SNAP benefits are helping more Iowa families avoid hunger
November 27th, 2014 by Ric Hanson
About 13-percent of all Iowans now put food on the table each day with the help of SNAP benefits. The latest Farm Bill is providing some 200-million dollars in grants that will be used to help those receiving SNAP benefits to find jobs — or better paying jobs. U-S Agriculture Secretary Tom Vilsack says the face of the SNAP program has changed in the last 40 years. “Today, only 7-8% of SNAP beneficiaries are cash welfare recipients,” Vilsack says. “It used to be that hardly anybody had income in SNAP. Today, 41% of households have somebody earning a paycheck of one kind or another. It’s a different mix of people. It’s a different kind of program than it was, ending the stereotypes, making sure people understand there are a lot of folks struggling.”
Almost 421-thousand Iowans receive monthly SNAP benefits, about 13-percent of the state’s population. Vilsack, a former Iowa governor, says the majority of those receiving SNAP benefits work but are under-employed or under-paid. “Nearly three-quarters of SNAP beneficiaries are senior citizens, people with disabilities or children of moms and dads who are actually in the workforce,” Vilsack says. “Forty-one percent of SNAP beneficiaries live in households where there is income being generated by a job.” Vilsack says the grant money will be used to provide education and training, rehabilitative services for individuals in need and target hard to serve areas.

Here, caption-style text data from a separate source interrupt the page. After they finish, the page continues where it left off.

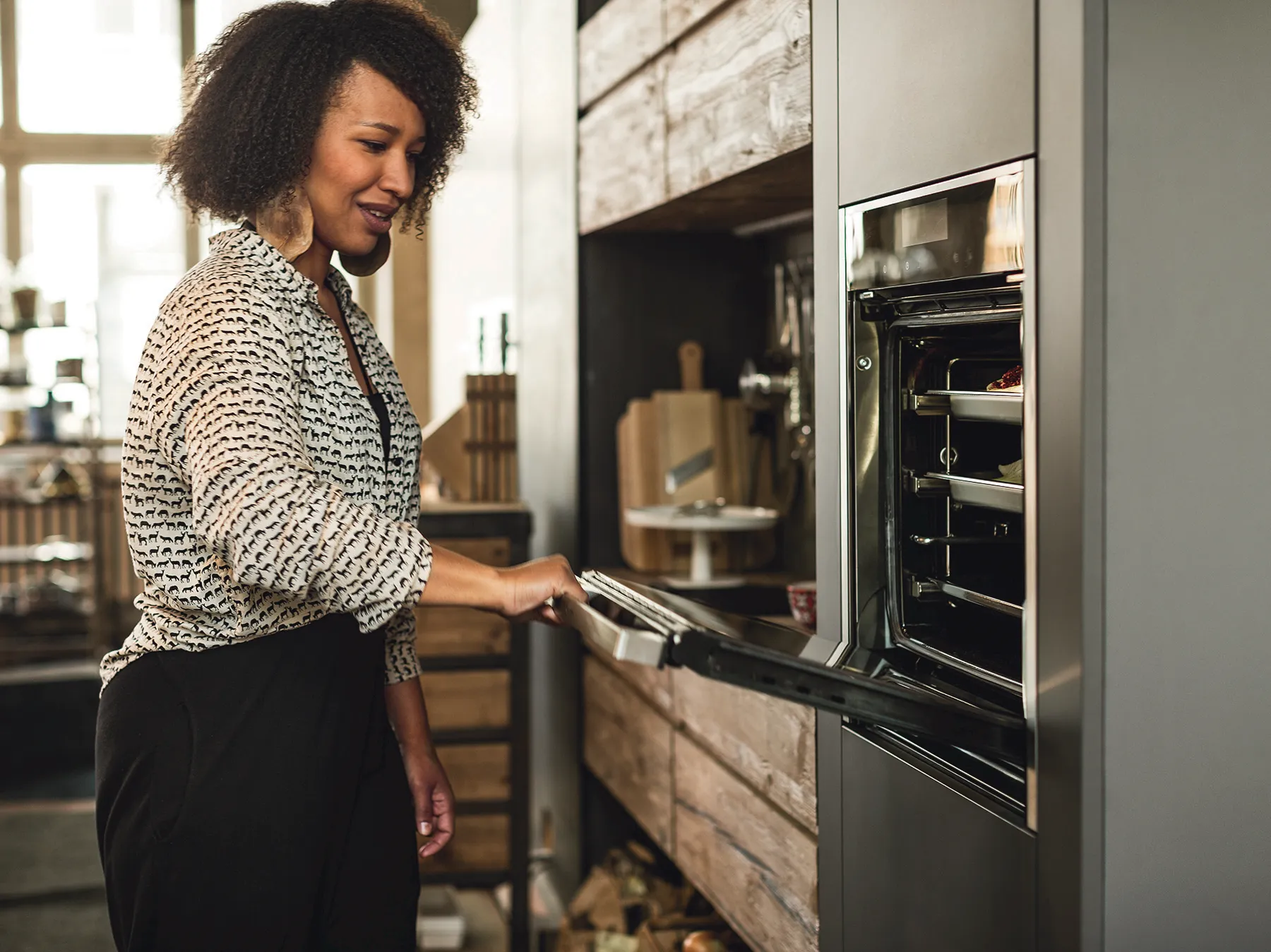 A smiling woman with dark, curly hair and large hoop earrings opens the door of a sleek, built-in oven in a rustic-modern kitchen. Inside the oven, trays hold food, including what appears to be a pie or casserole. The background features open wooden shelving with various kitchen items like cutting boards and a cake stand.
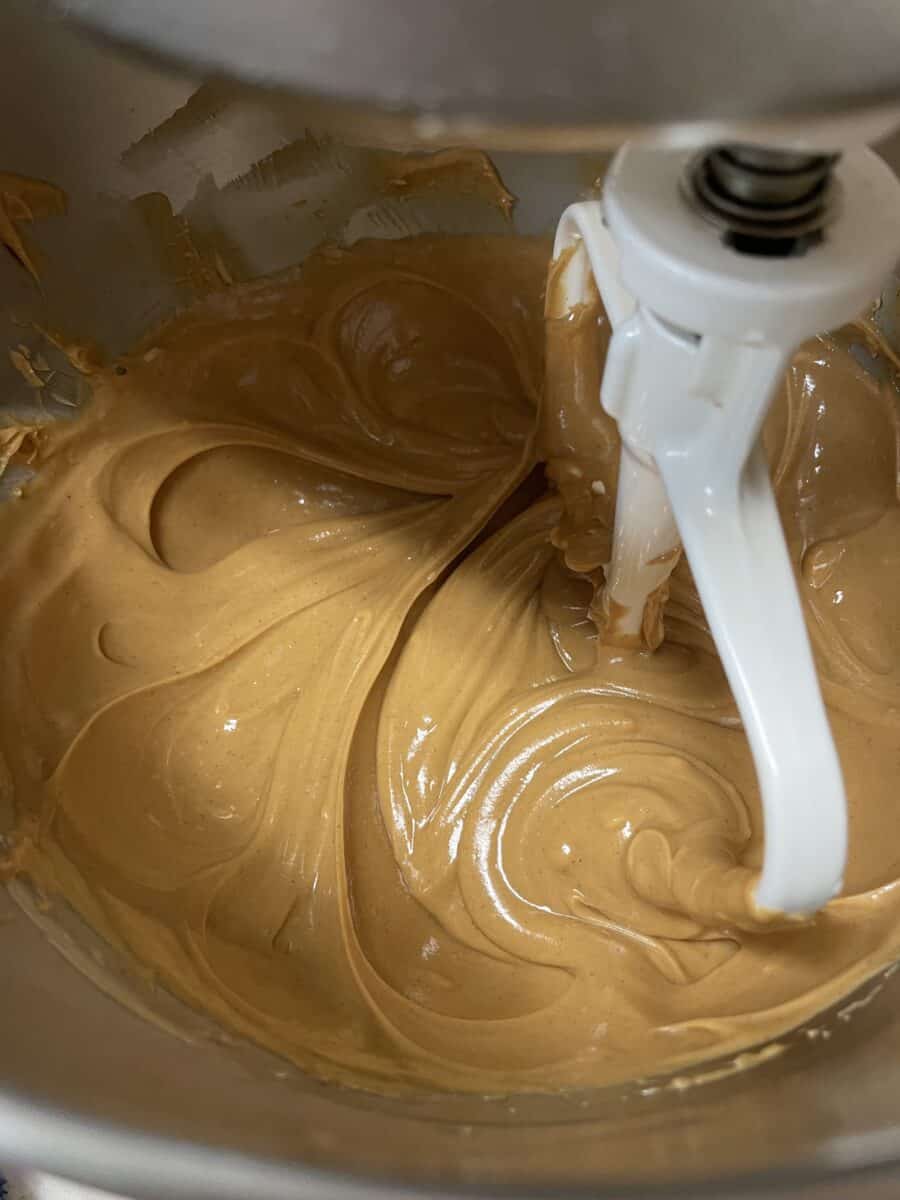 Creamy Peanut Butter and Butter Mixture in a mixing bowl with a flat paddle.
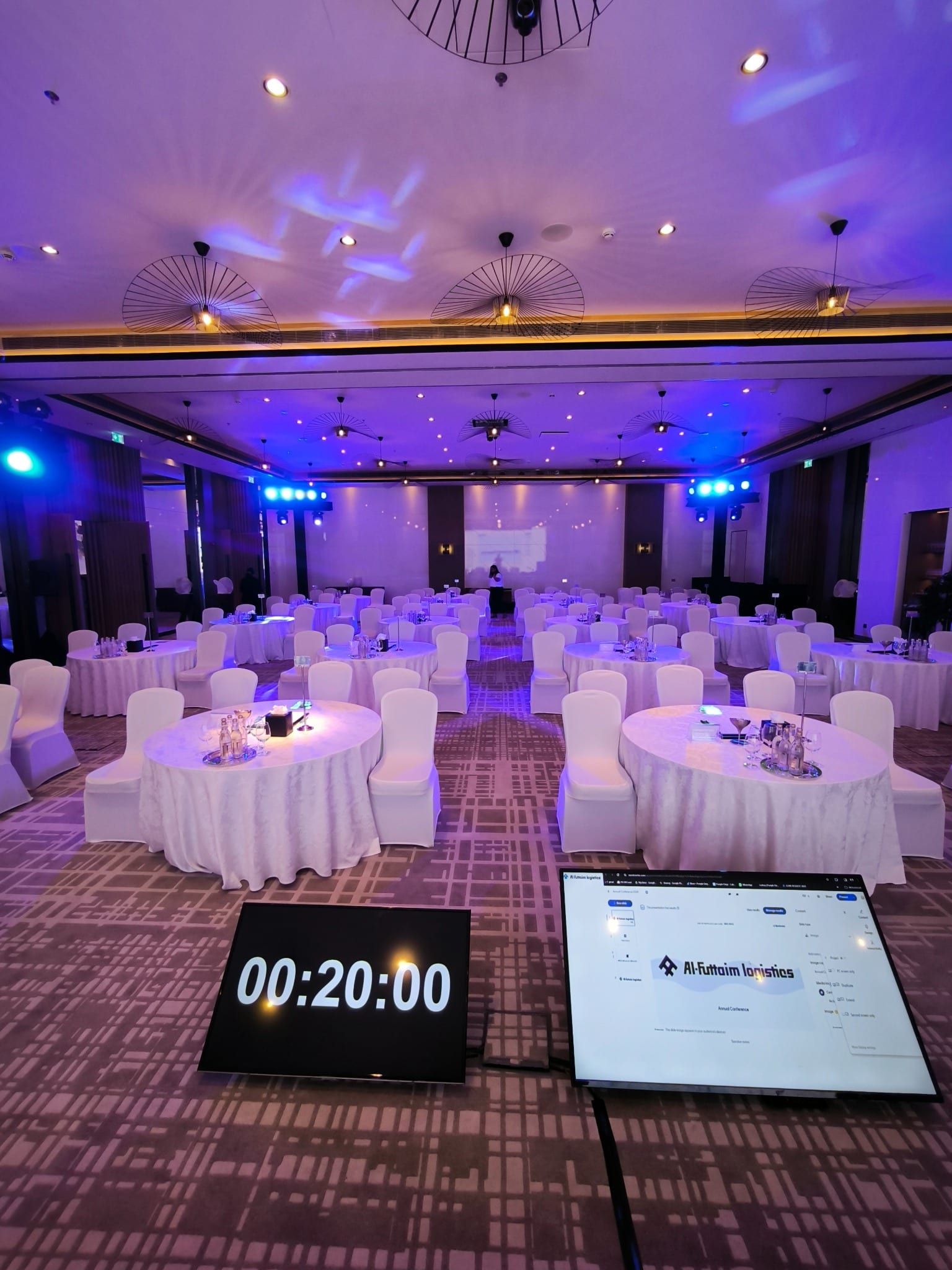 Ballroom set with round tables, blue uplighting and a stage countdown timer before the Al-Futtaim Logistics conference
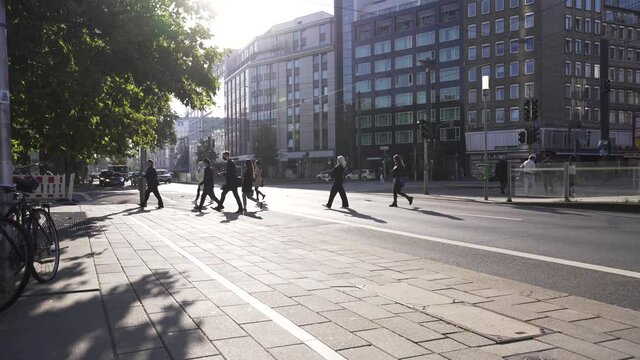 D&uuml;sseldorf, Germany - many pedestrians crossing a busy/ urban street in the city center while sunrise.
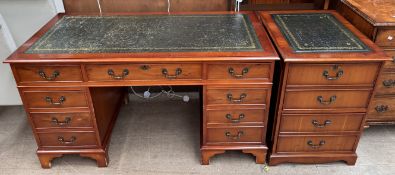 A reproduction yew pedestal desk together with a matching filling cabinet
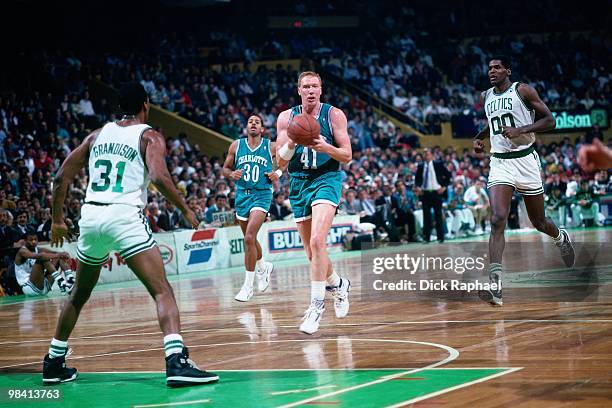 Tim Kempton of the Charlotte Hornets drives the ball up court against Ron Grandison of the Boston Celtics during a game played in 1989 at the Boston...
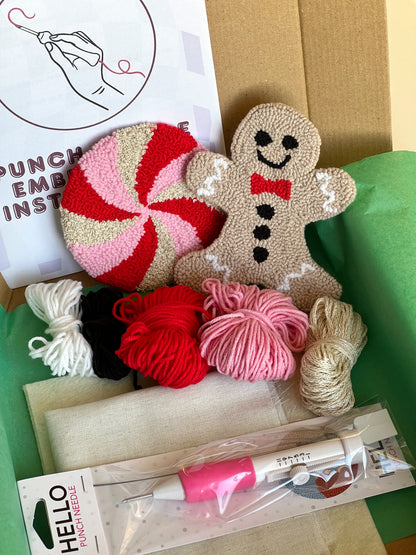 Punch needle kit box with gingerbread man and peppermint coasters, yarn, hoop and needle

Vilsack says, “Congress in the Farm Bill basically created a fund of $200-million, said that we could use that fund to fund up to 10 pilot projects, $165-million of that 200-million will be used for actual costs and helping to create new programs and better programs and better linkages to job opportunities and 35-million will be used to evaluate those pilot projects.” Several of the pilot programs, he says, will be tested in what are considered hard-to-serve areas, including rural parts of Iowa.